Fifteenth Day of Advent

This illustration from A Snow Baby: merry rhymes for pleasant times by G. Clifton Bingham (published by Ernest Nister, 1889) is of a small snow figure made out of actual snow, but snow babies, as solid figurines that wouldn’t melt, evolved out of early 19th century German cake decorations made from flour, sugar and gum, called tannenbaumkanfekt, used to decorate cakes and Christmas trees. The most popular were zuckerpuppes, or sugar dolls, which people used to create snow scenes underneath their Christmas trees, along with figurines of polar bears and igloos. Later on confectioners introduced versions made of marzipan.

The oldest snow babies were made in Germany in the 1890s out of bisque porcelain, white unglazed porcelain with a matte, textured finish. The little figurines sported all-in-one snowsuits with a roughened texture made to resemble snowflakes, and painted faces. They were popular with mothers of the time because they were reusable cake decorations, but were probably less favoured by children than the sugar variety!

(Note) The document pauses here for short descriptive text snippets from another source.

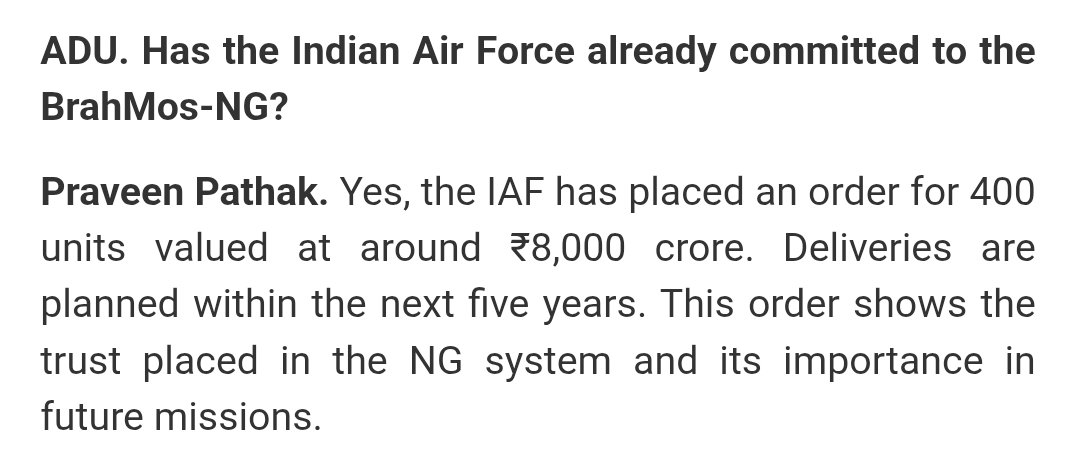 Defencematrix1's tweet image. Even I thought it&apos;s too good to be true, and they might have misquoted him, but the reply doesn&apos;t appear confusing, it&apos;s quite straight.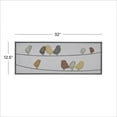 thumbnail image 3 of DecMode Multi Colored Metal Bird Wall Decor, 3 of 9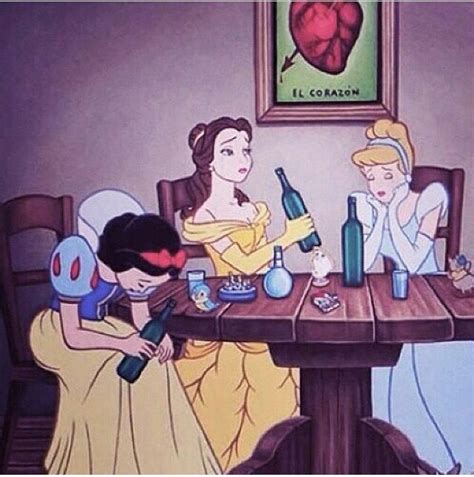 So I bought all of the Drunk Princess' alcohol (+Odd Mushroom) .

The appearance of these bisque snow baby dolls in the 1890s coincided with a story that captured the public imagination – that of the baby girl born in Greenland in 1893 while her father, Admiral Robert Peary, was on an expedition to the Arctic. She was the first non-indigenous baby to be born that far north, and was called a snow baby by the local indigenous Inuit. There is a book about this by Katherine Kirkpatrick called The Snow Baby: The Arctic Childhood of Robert E. Peary’s Daring Daughter.